Give again, unaltered, the lines of the listing below that run from the line having "In this video" through the line having "May we not then".
::: MATERIAL FOR THIS TASK
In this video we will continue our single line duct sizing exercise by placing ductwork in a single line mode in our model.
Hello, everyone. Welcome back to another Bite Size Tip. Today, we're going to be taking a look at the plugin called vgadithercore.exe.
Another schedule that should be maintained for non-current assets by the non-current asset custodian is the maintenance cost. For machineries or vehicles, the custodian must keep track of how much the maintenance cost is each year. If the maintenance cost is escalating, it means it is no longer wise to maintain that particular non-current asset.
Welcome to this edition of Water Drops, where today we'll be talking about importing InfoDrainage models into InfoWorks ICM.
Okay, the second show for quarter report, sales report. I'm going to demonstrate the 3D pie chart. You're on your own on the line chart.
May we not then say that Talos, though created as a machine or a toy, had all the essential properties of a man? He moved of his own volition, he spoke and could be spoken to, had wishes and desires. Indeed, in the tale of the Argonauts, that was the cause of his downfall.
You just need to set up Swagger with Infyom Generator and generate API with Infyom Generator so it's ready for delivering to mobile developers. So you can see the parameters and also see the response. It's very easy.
::::::
::: MATERIAL FOR THIS TASK
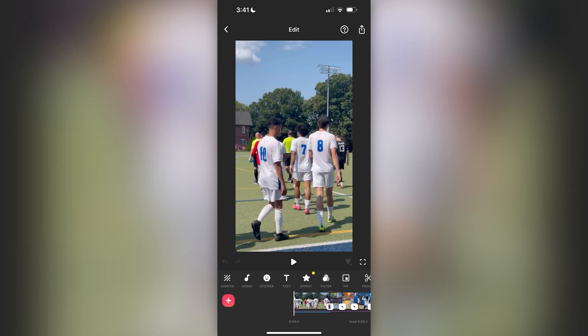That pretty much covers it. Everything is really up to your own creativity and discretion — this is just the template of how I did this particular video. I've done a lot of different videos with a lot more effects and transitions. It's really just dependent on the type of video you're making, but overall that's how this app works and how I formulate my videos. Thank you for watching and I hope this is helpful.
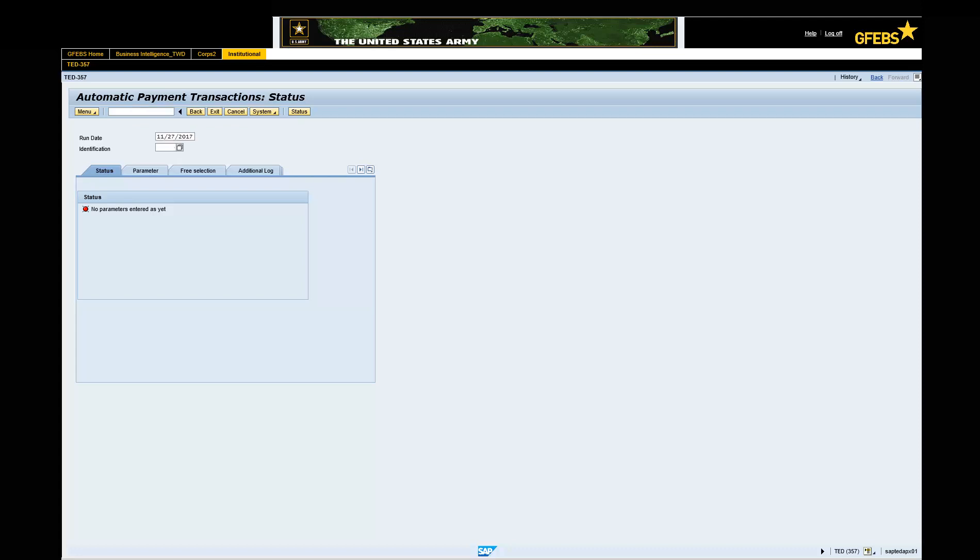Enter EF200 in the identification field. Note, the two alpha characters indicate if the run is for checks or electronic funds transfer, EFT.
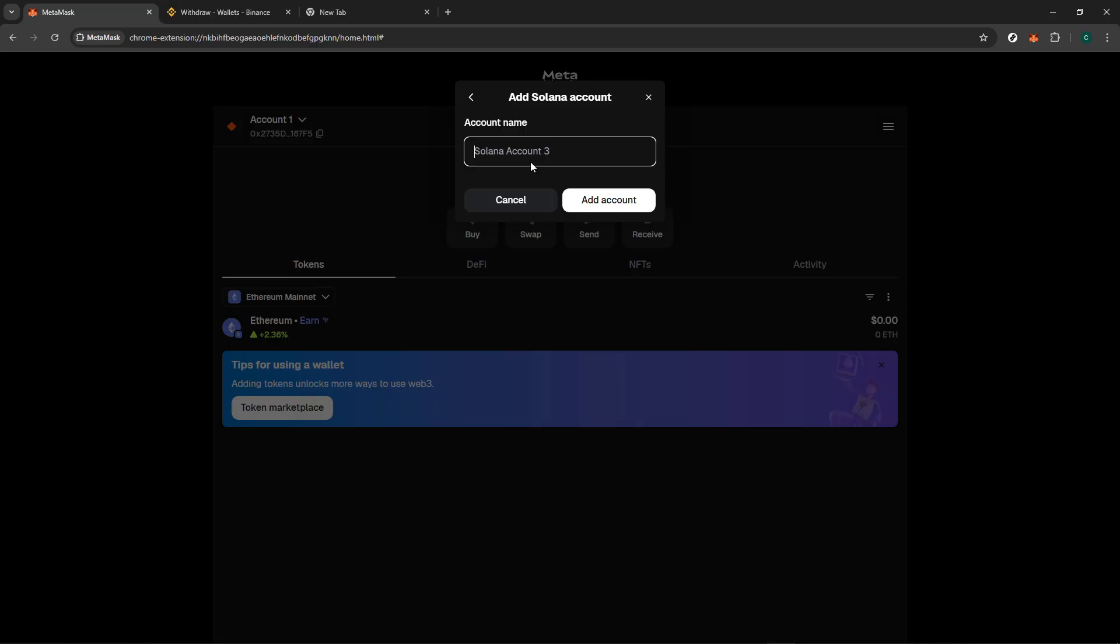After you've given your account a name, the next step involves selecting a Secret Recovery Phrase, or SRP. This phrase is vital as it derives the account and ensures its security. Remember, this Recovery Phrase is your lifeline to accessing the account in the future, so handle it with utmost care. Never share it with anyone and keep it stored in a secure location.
::::::
§ RESPONSE BOX:
In this video we will continue our single line duct sizing exercise by placing ductwork in a single line mode in our model.
Hello, everyone. Welcome back to another Bite Size Tip. Today, we're going to be taking a look at the plugin called vgadithercore.exe.
Another schedule that should be maintained for non-current assets by the non-current asset custodian is the maintenance cost. For machineries or vehicles, the custodian must keep track of how much the maintenance cost is each year. If the maintenance cost is escalating, it means it is no longer wise to maintain that particular non-current asset.
Welcome to this edition of Water Drops, where today we'll be talking about importing InfoDrainage models into InfoWorks ICM.
Okay, the second show for quarter report, sales report. I'm going to demonstrate the 3D pie chart. You're on your own on the line chart.
May we not then say that Talos, though created as a machine or a toy, had all the essential properties of a man? He moved of his own volition, he spoke and could be spoken to, had wishes and desires. Indeed, in the tale of the Argonauts, that was the cause of his downfall.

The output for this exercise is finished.